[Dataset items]
——————

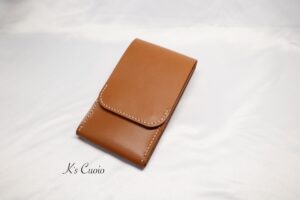 レザーアイテムK's Cuoioのベルト通し型スマホケース
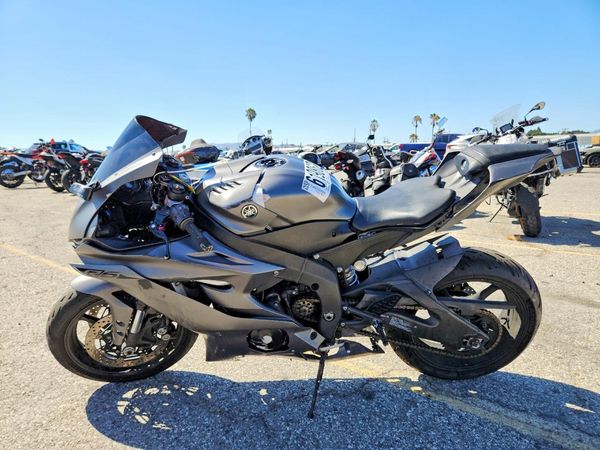 2018 YAMAHA YZFR6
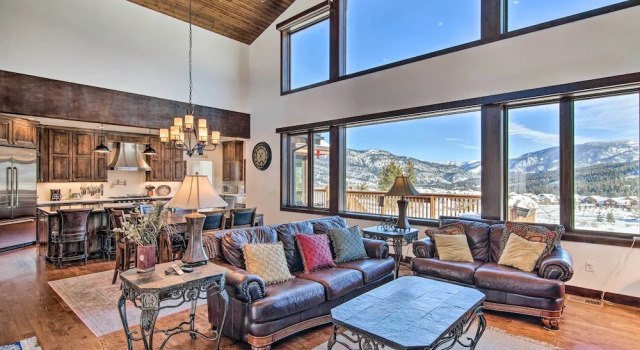 Spacious Big Sky Home with Hot Tub and Grill, Buchen Sie Ferienhaus Hotels in Montana mit Pool, Schwimmbad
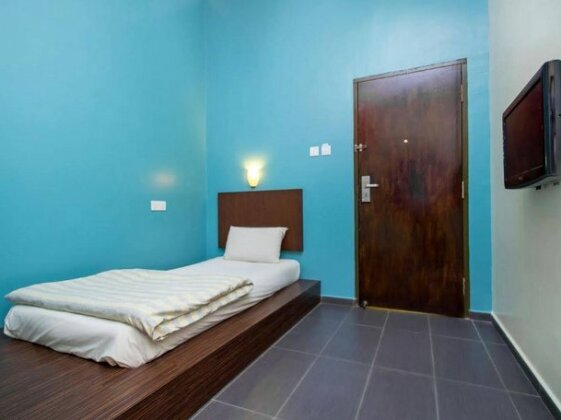 Ample Hotel - Photo2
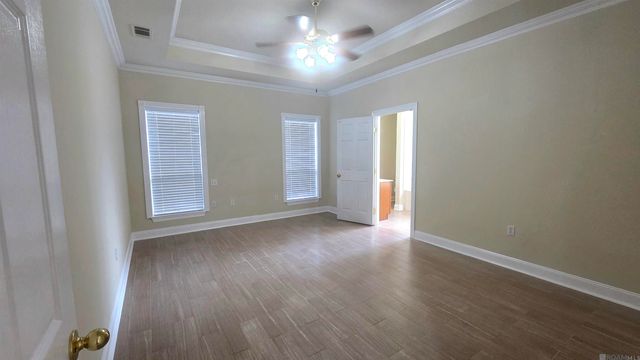 282 Allan Dr, Baton Rouge, LA 70815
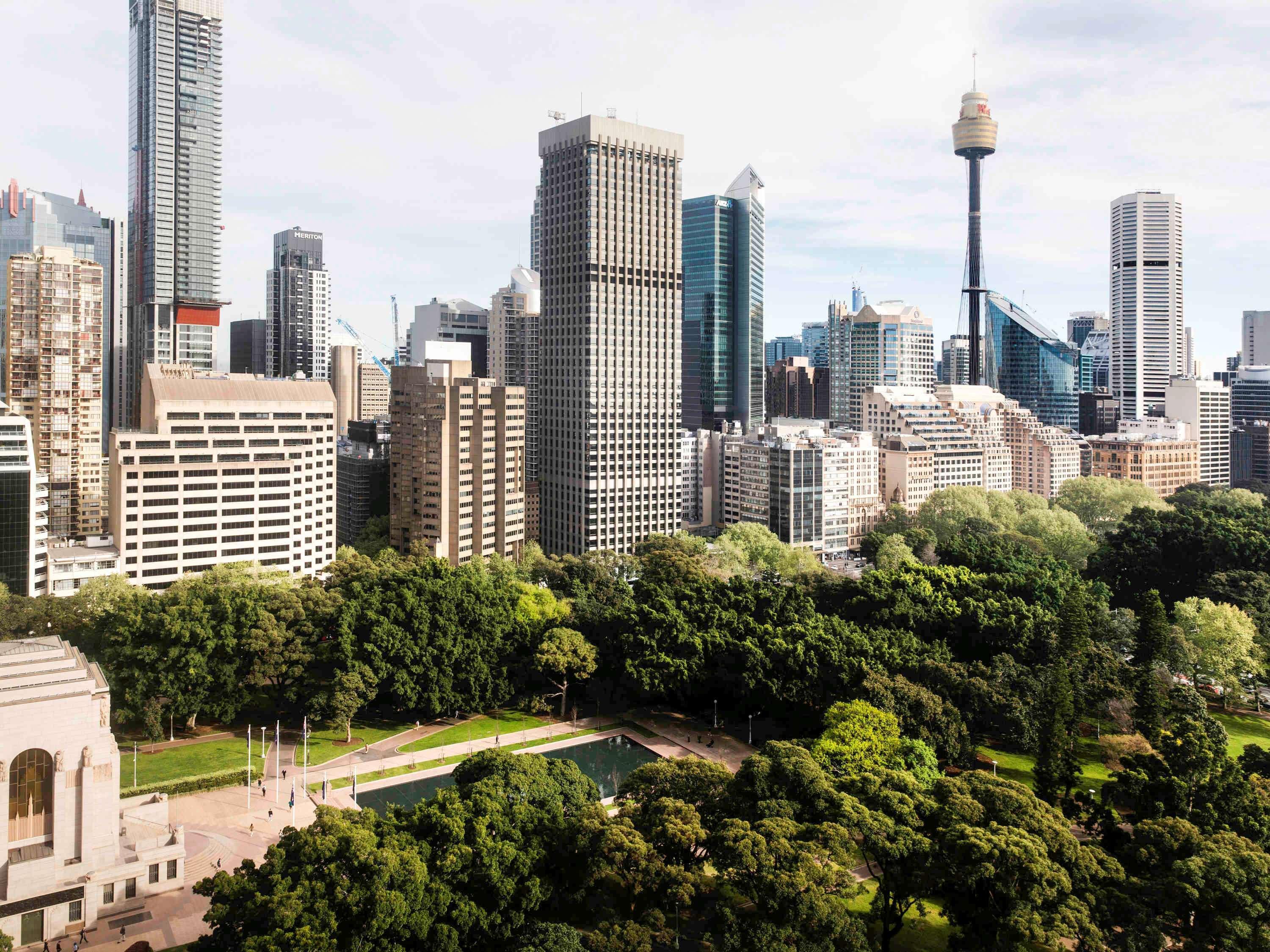 Pullman Sydney Hyde Park Hotell Eksteriør bilde The proposed new World Trade Centre, with the Sydney CBD in the background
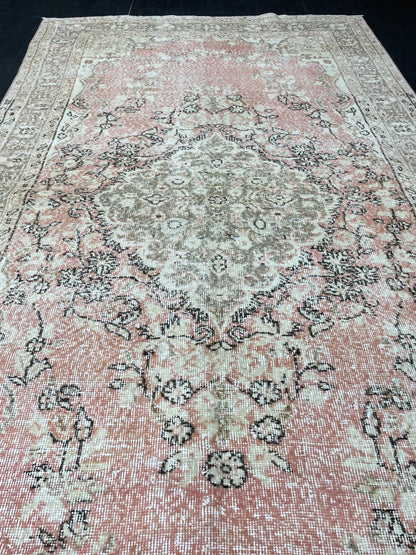 Floral Vintage RUG Antique TURKISH Rug Vintage Distressed 5.4 x 10 Rug Wool Oushak Rug Hand Made Vintage Rug Pink Persian Rug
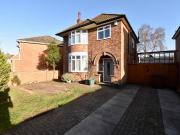 3 bedroom detached house for sale in Huntlea Avenue,...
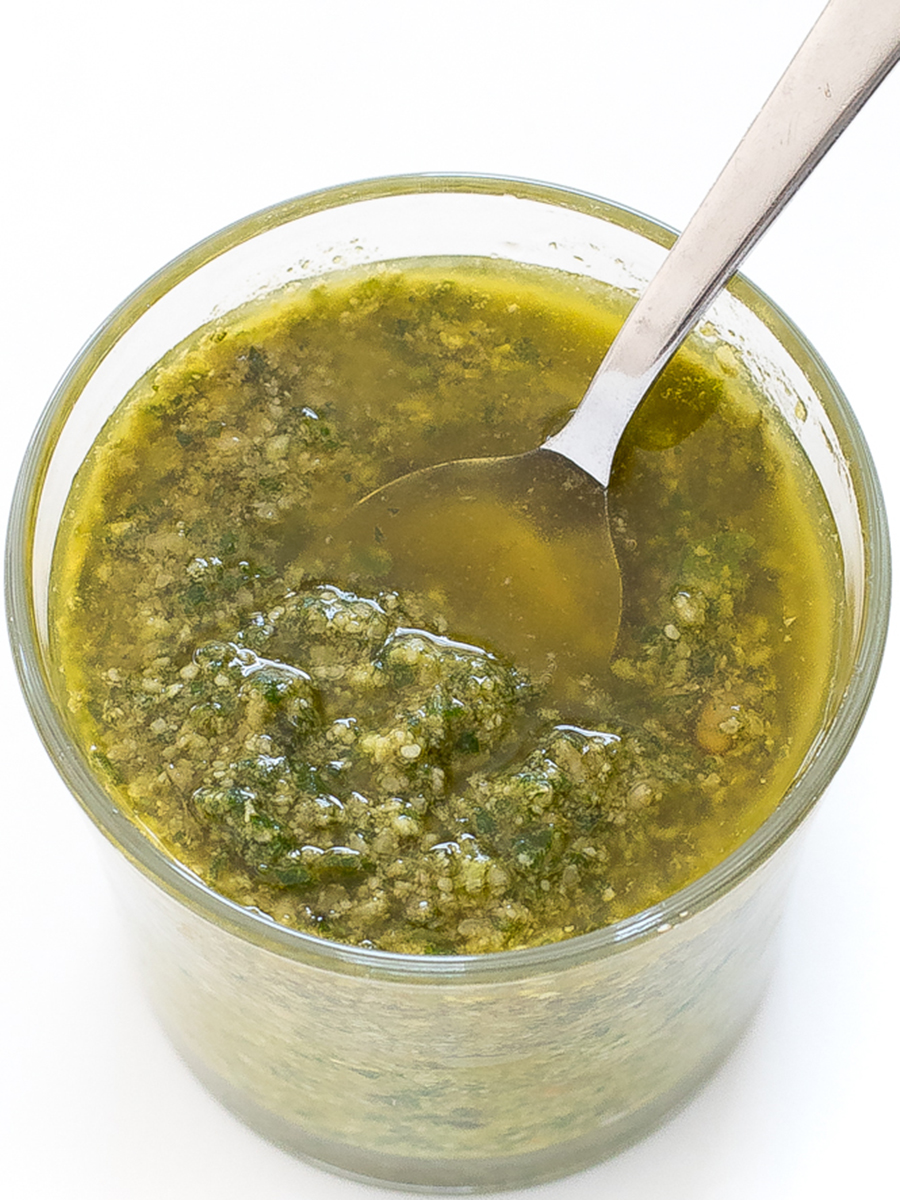 Homemade 5 Ingredient Pesto! (Only 5 Minutes!)Homemade Basil Pesto
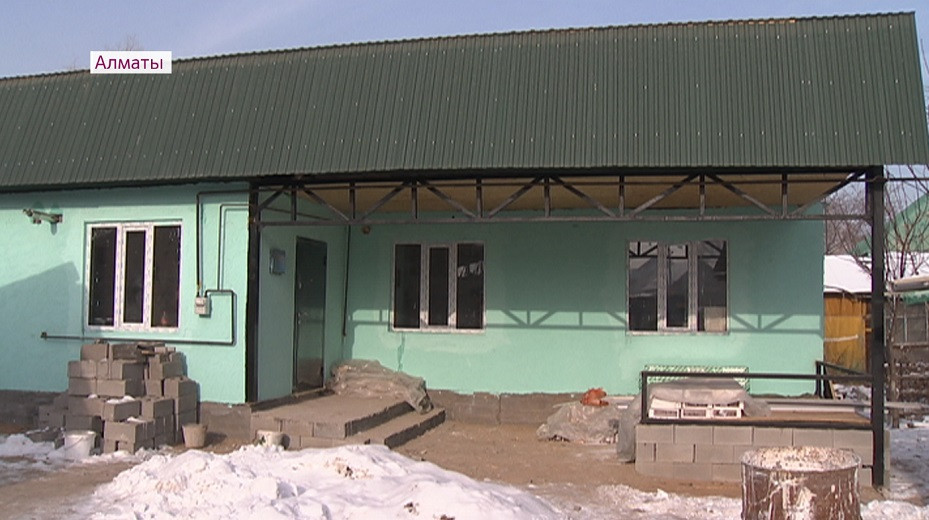 Новый дом для многодетной семьи построили меценаты Турксибского района Алматы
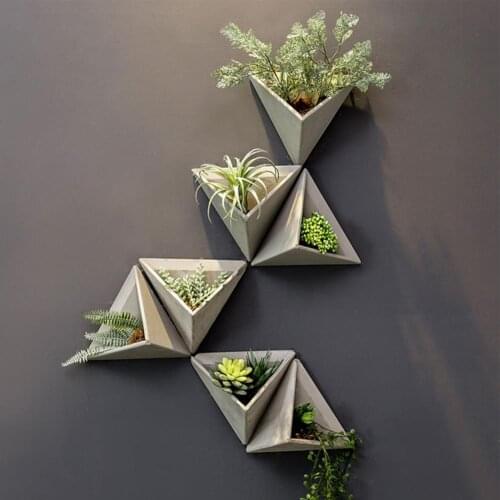 1 Set Retro European Style Triangle Wall Plant Pot Cement Flower Arrangement Hanging Flowerpot Patio Decor Hanging Flowerpot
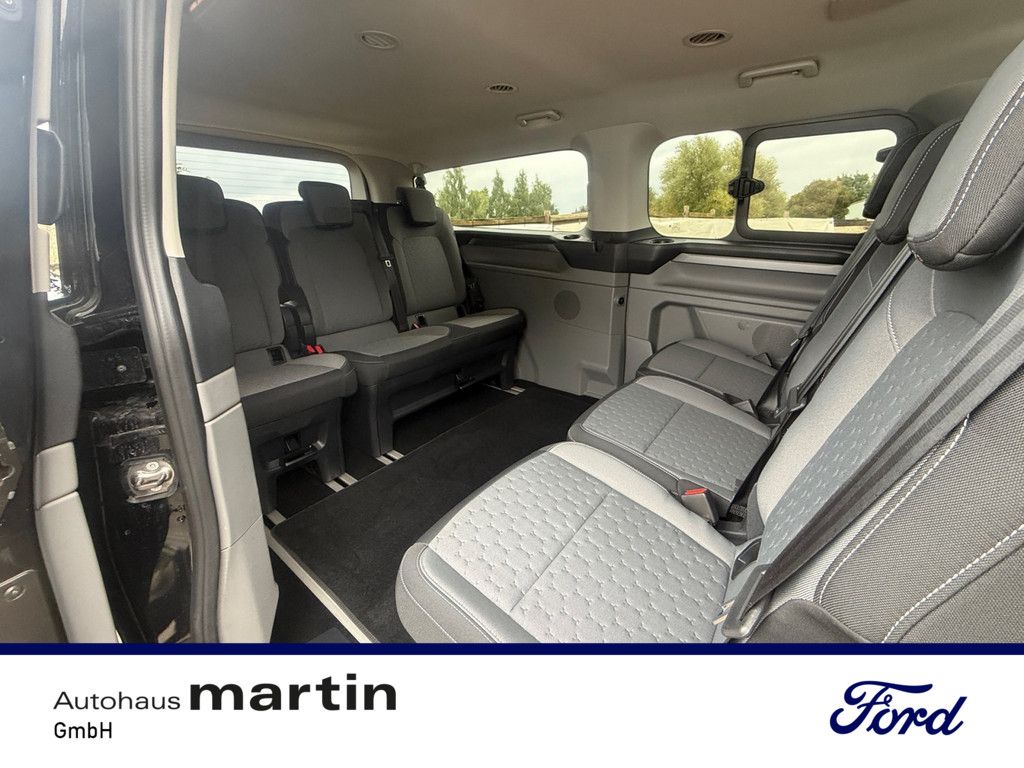 Fahrzeugabbildung Ford Tourneo Custom 2.0 EcoBlue 320 L2 Titanium FWD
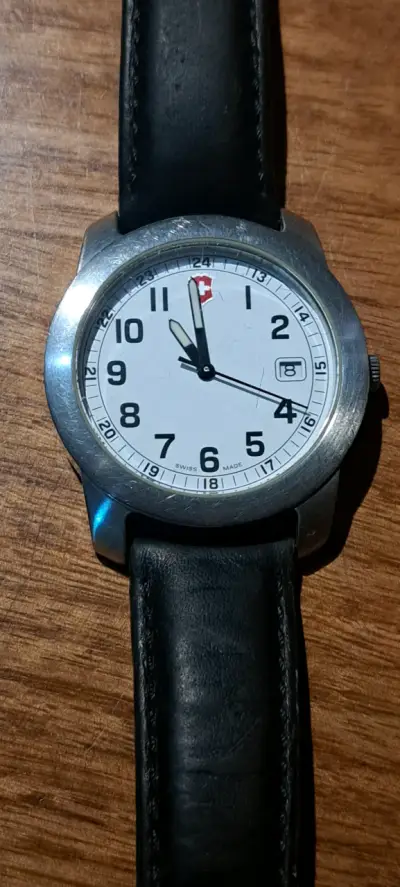 Reloj suizo con correa de cuero negro - miniatura 1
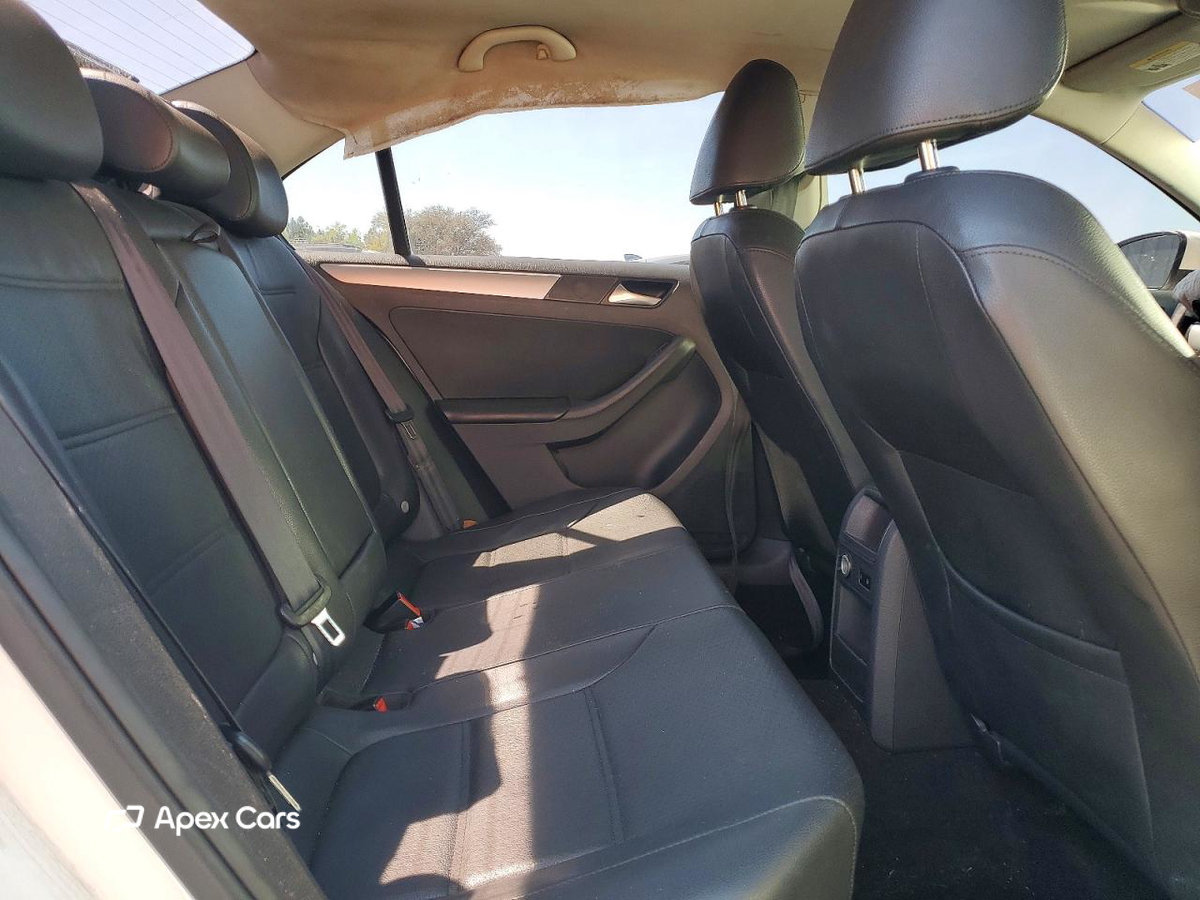 Volkswagen Jetta 2014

——————

Without including any picture, print all of the entries above exactly.

● **Reply to the exercise**
 レザーアイテムK's Cuoioのベルト通し型スマホケース
 2018 YAMAHA YZFR6
 Spacious Big Sky Home with Hot Tub and Grill, Buchen Sie Ferienhaus Hotels in Montana mit Pool, Schwimmbad
 Ample Hotel - Photo2
 282 Allan Dr, Baton Rouge, LA 70815
 Pullman Sydney Hyde Park Hotell Eksteriør bilde The proposed new World Trade Centre, with the Sydney CBD in the background
 Floral Vintage RUG Antique TURKISH Rug Vintage Distressed 5.4 x 10 Rug Wool Oushak Rug Hand Made Vintage Rug Pink Persian Rug
 3 bedroom detached house for sale in Huntlea Avenue,...
 Homemade 5 Ingredient Pesto! (Only 5 Minutes!)Homemade Basil Pesto
 Новый дом для многодетной семьи построили меценаты Турксибского района Алматы
 1 Set Retro European Style Triangle Wall Plant Pot Cement Flower Arrangement Hanging Flowerpot Patio Decor Hanging Flowerpot
 Fahrzeugabbildung Ford Tourneo Custom 2.0 EcoBlue 320 L2 Titanium FWD
 Reloj suizo con correa de cuero negro - miniatura 1
 Volkswagen Jetta 2014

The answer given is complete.